* EXERCISE PROMPT: Quote the listing in full, exactly as given, minus any pictures.

* MATERIAL SHOWN:
──────
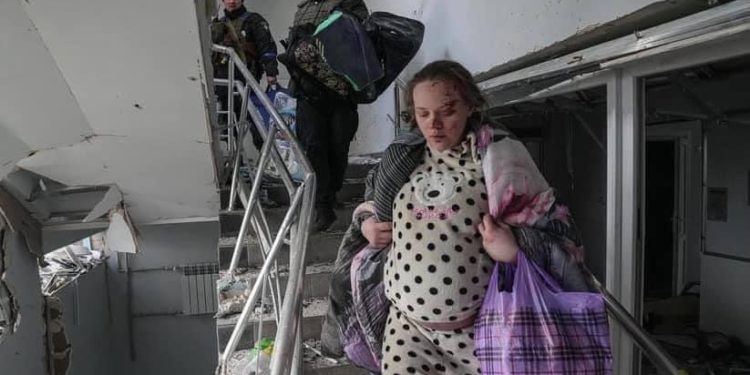 მარიუპოლოში საავაადმყოფოების დაბომბვის შედეგად 3 ადამიანი დაიღუპა 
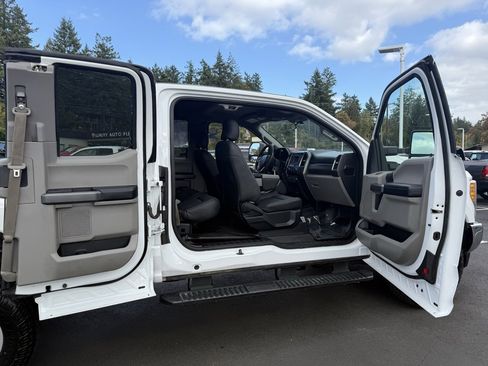 Used 2017 Ford F350 XLT w/ Camper Package image 27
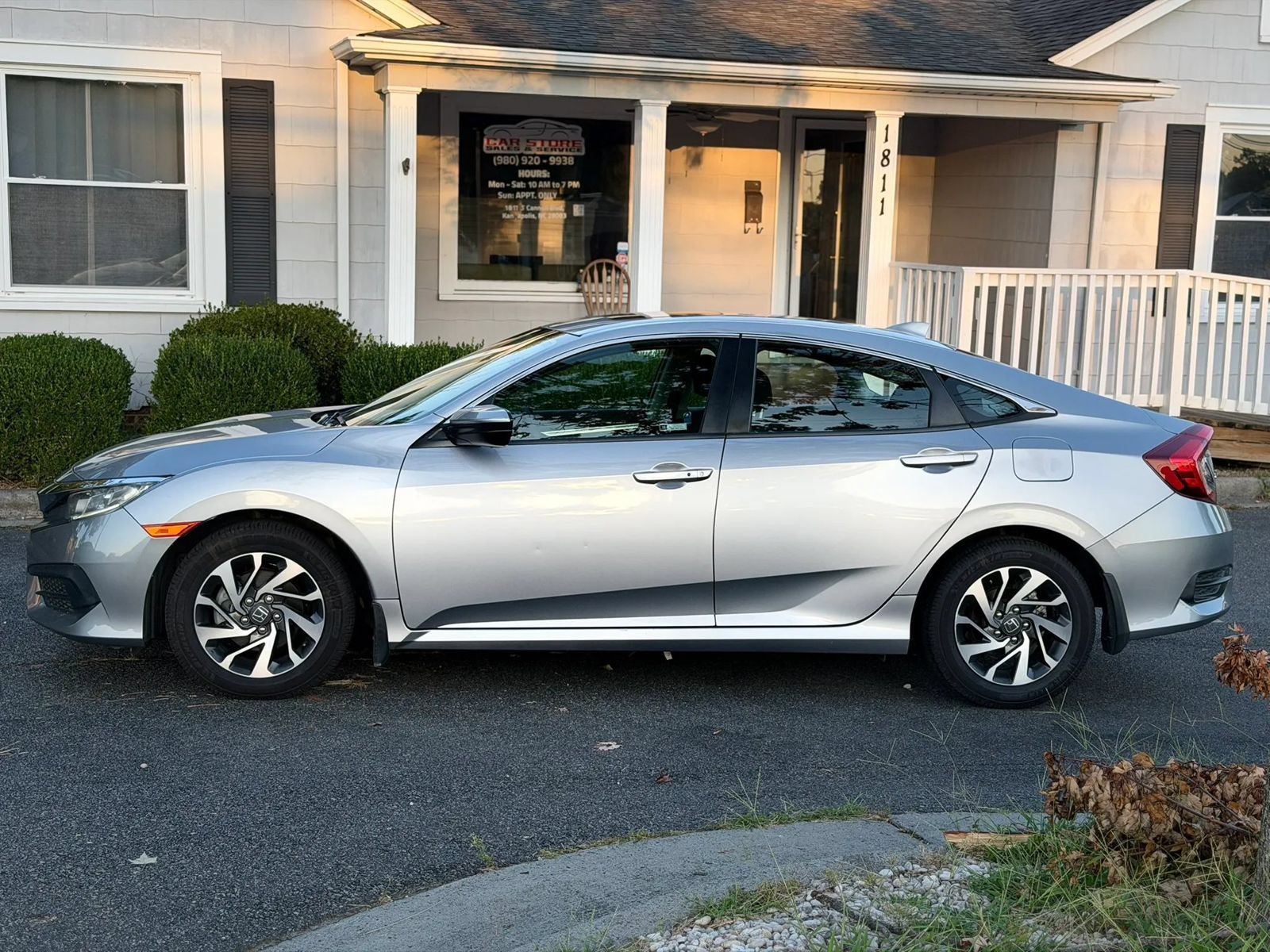 Used 2018 Honda Civic EX image 3
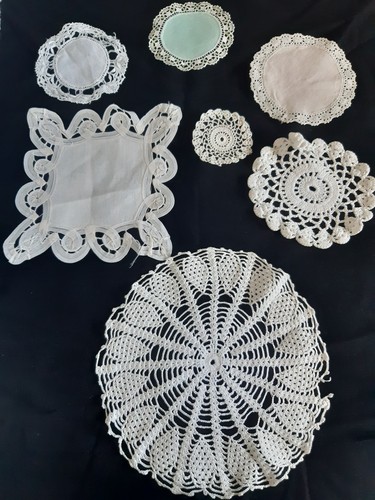 Lot napperons anciens - de,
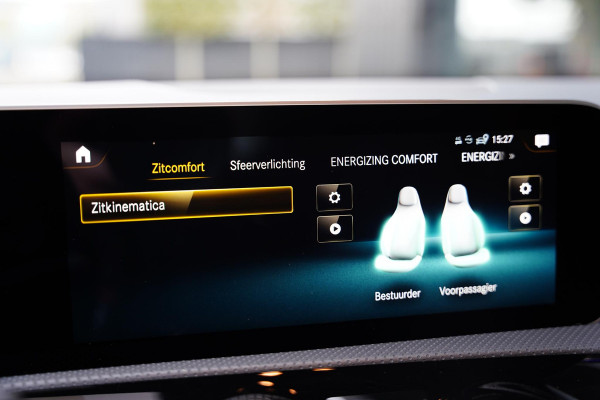 Mercedes-Benz A-Klasse 220 Premium Plus, AMG Leder, Burmester, 360 Camera, 19 Inch, Adaptive Cruise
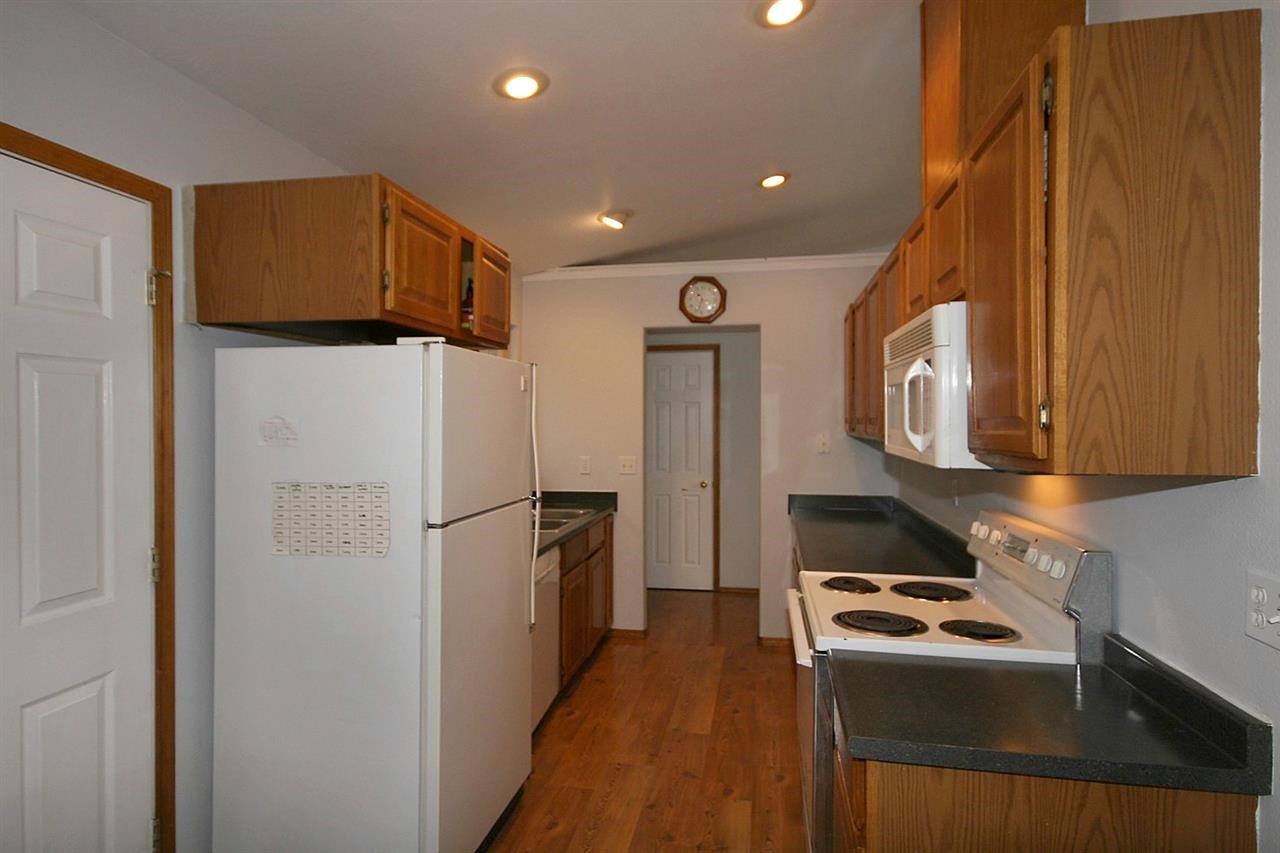 810 N PARK - Photo 5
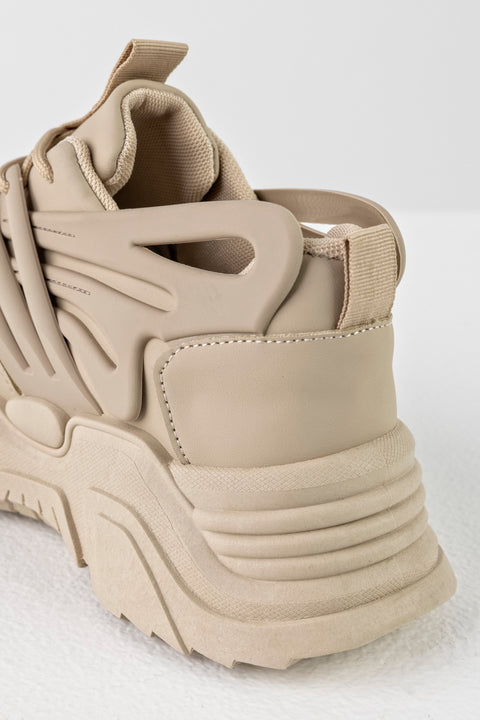 Lace-up fastening sneakers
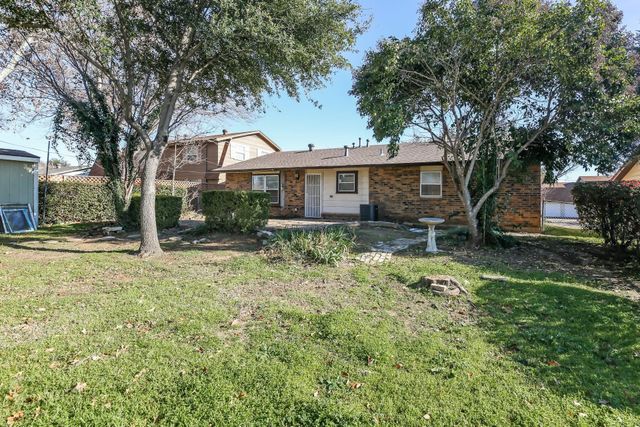 3113 Commonwealth Street, Irving, TX 75062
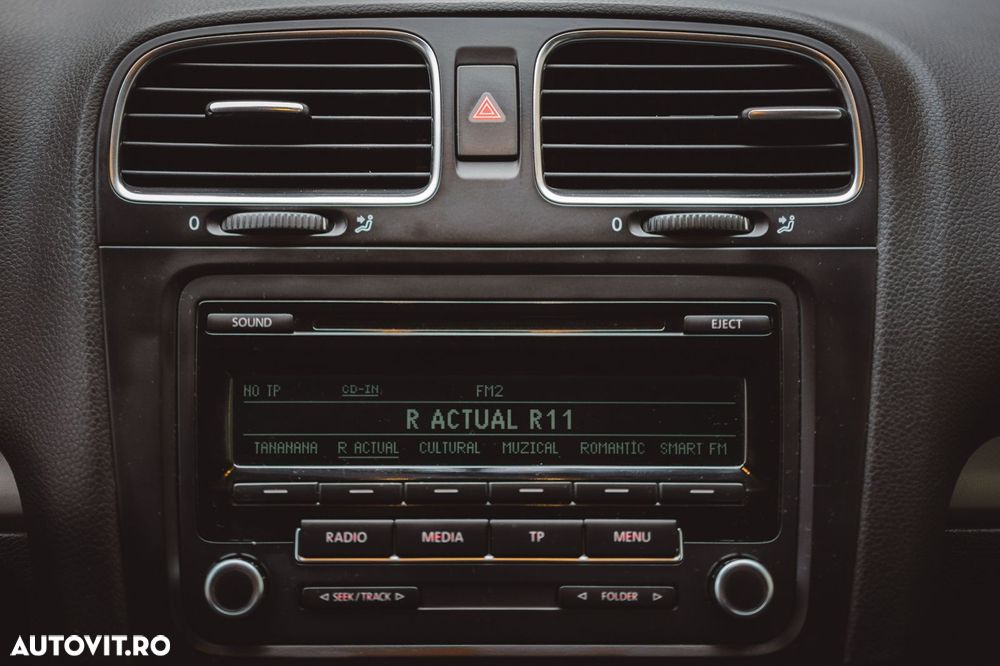 Volkswagen Golf 1.6 TDI DPF Comfortline - 22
──────
* EXERCISE ANSWER:
 მარიუპოლოში საავაადმყოფოების დაბომბვის შედეგად 3 ადამიანი დაიღუპა 
 Used 2017 Ford F350 XLT w/ Camper Package image 27
 Used 2018 Honda Civic EX image 3
 Lot napperons anciens - de,
 Mercedes-Benz A-Klasse 220 Premium Plus, AMG Leder, Burmester, 360 Camera, 19 Inch, Adaptive Cruise
 810 N PARK - Photo 5
 Lace-up fastening sneakers
 3113 Commonwealth Street, Irving, TX 75062
 Volkswagen Golf 1.6 TDI DPF Comfortline - 22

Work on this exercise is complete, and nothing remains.